La phase 2 de ces essais implique environ 620 participants répartis dans une quinzaine de sites au Canada et aux États-Unis. La réponse immunitaire de ces participants est évaluée avec divers tests immunologiques après la première dose du vaccin ainsi qu’après la deuxième, administrée 21 jours plus tard. L’objectif est de démontrer la production d’anticorps et l’activation des cellules immunitaires lorsqu’elles sont exposées à l’antigène. « Dans le contexte de la COVID, le processus de développement est compressé dans le temps : dès que nous aurons validé en phase 2 que les deux premières doses stimulent la production d’anticorps et qu’elles ne provoquent pas d’effets secondaires, nous devrions passer rapidement à la phase 3 pour mesurer l’efficacité du vaccin. »
Bien comprendre les données pour bien décider
En plus de son implication dans les essais cliniques de vaccins, dont celui de Medicago, le Dr Dionne analyse en continue les données sur la COVID-19 fournies par le MSSS et l’Institut de la santé publique ainsi que ce qui se passe ailleurs sur la planète. À partir de ses analyses, il produit un bilan épidémiologique hebdomadaire pour les décideurs de la santé publique.
Dans ce cas comme dans celui de ses essais cliniques sur les vaccins, l’objectif est toujours de fournir des données probantes et des analyses claires afin de permettre aux autorités de prendre les meilleures décisions possibles.
Le Dr Marc Dionne.
1. Les essais cliniques comportent habituellement trois phases. Phase 1 : traitement administré pour la première fois à des humains pour vérifier son innocuité et déterminer la dose optimale. Peu de participants. Phase 2 : vérification de l’efficacité d’un traitement selon une dose déterminée. Plus grand nombre de participants. Phase 3 : comparaison de l’efficacité du nouveau traitement avec celle du traitement habituel. Grand nombre de participants.
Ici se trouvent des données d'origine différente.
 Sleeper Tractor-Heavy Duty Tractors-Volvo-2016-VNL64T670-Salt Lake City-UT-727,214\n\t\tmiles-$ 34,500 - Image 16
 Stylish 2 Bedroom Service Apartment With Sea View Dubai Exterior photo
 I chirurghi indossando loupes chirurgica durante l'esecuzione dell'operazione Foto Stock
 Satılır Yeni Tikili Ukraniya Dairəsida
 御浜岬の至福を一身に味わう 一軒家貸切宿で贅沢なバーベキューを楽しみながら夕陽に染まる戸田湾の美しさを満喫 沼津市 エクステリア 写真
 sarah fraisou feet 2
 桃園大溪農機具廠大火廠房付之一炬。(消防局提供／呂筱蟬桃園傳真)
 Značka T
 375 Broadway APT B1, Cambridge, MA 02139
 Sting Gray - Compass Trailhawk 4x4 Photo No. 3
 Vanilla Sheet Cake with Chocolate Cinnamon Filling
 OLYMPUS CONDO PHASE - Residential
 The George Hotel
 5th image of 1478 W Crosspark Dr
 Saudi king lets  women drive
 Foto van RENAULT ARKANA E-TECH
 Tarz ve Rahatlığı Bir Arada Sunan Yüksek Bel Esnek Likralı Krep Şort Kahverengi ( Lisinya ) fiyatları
2. La technologie des protéines recombinantes utilise des cellules hôtes (des cellules végétales, par exemple) pour produire une version non infectieuse (les protéines recombinées) d’un virus. Pour en savoir plus sur la technologie utilisée par Medicago : https://www.medicago.com/fr/technologies/.
3. L’approche de l’ARN messager utilise la copie inoffensive d’une protéine pour stimuler le système immunitaire.